Hanging up, Matthew felt himself falling behind, his future slipping away. His old buddy had this effect on him. Josh, having passed the New York Bar, had actual prospects. In law school they’d been roommates, best buds even after Emily chose Josh over Matthew. He’d been proud of that, of being a good sport. Why exactly, he could no longer say.
The rumors mutated like a clever virus.
Mrs. Pardee was a battered wife. X-rays would show that every bone in her body had been broken. For years she’d shuffled around the house like a punch-drunk prizefighter, addled by blows to the head.
Mrs. Pardee had been Harold’s mother or daughter or sister, a prostitute he’d kidnapped, a man in female clothing. Had been one among many, a harem of aging crones he kept locked in the basement. Mrs. Pardee was found chained to the bed naked, gray hair down to her knees, her fingernails long and curled.
“The rumors were problematic,” Matthew McCurdy explained to the judge, “because—”
He had a disconcerting habit of not finishing his sentences, as though waiting for someone else to make sense of his thoughts.
“Because what?” the judge said.
Matthew McCurdy moved for a change of venue and was denied.
Out on bail, Harold resumed his idea of normal living. For three days in a row, he was seen bicycling into town, where he opened the Zenith shop and waited for customers who did not come. On the fourth day, he stopped going to the shop. Closed Until Further Notice said a penciled note on the front door.
On Harold’s fifth day of freedom, his attorney visited him at home. It wasn’t easy to do. Harold lived at the ass end of Carbon Township, a mile from a paved road. Matthew McCurdy bounced along the rutted lane, worried about his suspension. His tires raised a cloud of dust.
From the lane Harold’s house was barely visible, screened by rhododendrons as tall as a man. In knee-high grass, on cinder blocks, sat a broken-down Dodge pickup, its front wheels missing. Rusted chain-link fence en
circled the property on three sides. The loop was closed by a rough wooden gate, hung with homemade signs: PRIVATE PROPERTY. NO TRESPASSING.
Matthew got out of his car and knocked at the gate.
ENTER AT YOUR OWN RISK. PROCEED NO FURTHER. YOU ARE BEING WATCHED.
Harold Pardee wasn’t fond of strangers. His antipathy could be traced to two episodes—one involving a dog, the other a car.

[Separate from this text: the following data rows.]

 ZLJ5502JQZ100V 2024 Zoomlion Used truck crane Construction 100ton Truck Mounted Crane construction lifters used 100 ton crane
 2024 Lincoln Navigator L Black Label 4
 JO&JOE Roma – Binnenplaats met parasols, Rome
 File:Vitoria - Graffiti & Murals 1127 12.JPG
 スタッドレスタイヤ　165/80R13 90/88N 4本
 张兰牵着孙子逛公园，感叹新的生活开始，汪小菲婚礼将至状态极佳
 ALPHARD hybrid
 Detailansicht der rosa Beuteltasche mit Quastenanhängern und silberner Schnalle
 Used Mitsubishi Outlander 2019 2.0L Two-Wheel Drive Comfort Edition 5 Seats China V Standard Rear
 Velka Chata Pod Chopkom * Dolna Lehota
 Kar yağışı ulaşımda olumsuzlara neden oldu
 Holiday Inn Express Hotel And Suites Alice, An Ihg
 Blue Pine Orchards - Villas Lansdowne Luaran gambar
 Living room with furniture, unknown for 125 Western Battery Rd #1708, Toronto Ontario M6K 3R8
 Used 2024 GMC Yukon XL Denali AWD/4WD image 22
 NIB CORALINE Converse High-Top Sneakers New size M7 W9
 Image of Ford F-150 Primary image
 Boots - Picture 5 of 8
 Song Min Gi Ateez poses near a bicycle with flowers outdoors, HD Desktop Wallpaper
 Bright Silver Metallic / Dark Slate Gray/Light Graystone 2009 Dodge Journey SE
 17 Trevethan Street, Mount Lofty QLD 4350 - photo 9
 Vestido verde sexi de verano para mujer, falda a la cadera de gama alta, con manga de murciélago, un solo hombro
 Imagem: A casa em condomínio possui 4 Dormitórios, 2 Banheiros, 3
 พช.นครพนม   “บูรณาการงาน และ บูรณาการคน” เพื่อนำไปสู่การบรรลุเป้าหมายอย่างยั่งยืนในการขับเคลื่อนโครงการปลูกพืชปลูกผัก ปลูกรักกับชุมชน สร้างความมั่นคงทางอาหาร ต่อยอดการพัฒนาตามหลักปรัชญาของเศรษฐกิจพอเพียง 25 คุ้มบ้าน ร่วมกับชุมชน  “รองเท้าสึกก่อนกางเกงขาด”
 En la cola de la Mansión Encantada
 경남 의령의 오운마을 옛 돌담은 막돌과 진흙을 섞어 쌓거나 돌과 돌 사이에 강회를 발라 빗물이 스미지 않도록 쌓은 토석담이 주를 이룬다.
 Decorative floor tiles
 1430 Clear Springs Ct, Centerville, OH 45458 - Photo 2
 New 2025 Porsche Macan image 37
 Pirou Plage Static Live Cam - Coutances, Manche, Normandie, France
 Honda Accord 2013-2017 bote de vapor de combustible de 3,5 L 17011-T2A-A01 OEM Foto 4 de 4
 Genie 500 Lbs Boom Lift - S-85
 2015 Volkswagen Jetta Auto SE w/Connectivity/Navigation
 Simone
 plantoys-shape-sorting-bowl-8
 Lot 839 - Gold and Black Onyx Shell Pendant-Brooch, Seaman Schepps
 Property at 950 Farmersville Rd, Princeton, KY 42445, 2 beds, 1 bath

In the matter of the dog: Harold’s, a mangy shepherd mix named Duke, was kept chained outside regardless of the weather, because where and how else was a dog to be kept? This was Harold’s position, which he explained to the cop who’d come knocking at his door. Duke was no house pet. His entire purpose in life was to guard the perimeter.
Which was located outside, regardless of the weather.
It should be said that this is not, in northern Appalachia, an unusual life for a dog. Drive down any country road, past any scattering of houses or trailers, and an explosion of barking will ensue. The difference, in Harold’s case, was a nosy neighbor, a lonely busybody who called the law on him.
After the cop came to his door in the matter of the dog, Harold took a hard look at his perimeter. He reinforced the fence with several rounds of chicken wire and fashioned a gate from scrap lumber, sturdy planks wide as railroad ties.
The second episode involved a car, the Plymouth Satellite he’d bought when he came back from the service. He drove it around town for many years without ever renewing the registration, because why, in a free society, should he have to?
To listeners of Open Mike, the local radio station’s call-in show, Harold’s opinions on a free society were well known.
The town cop never bothered him about the expired registration, but in Altoona, where Harold traveled one day to buy a part for a Philco, the Satellite was impounded. It would cost him fifty dollars, plus the price of a new registration, to get it back. Harold told them to keep it. He didn’t want the Satellite back. The cops had ruined it for him.
After several contentious phone calls in the matter of the car, additional signs appeared on Harold’s gate.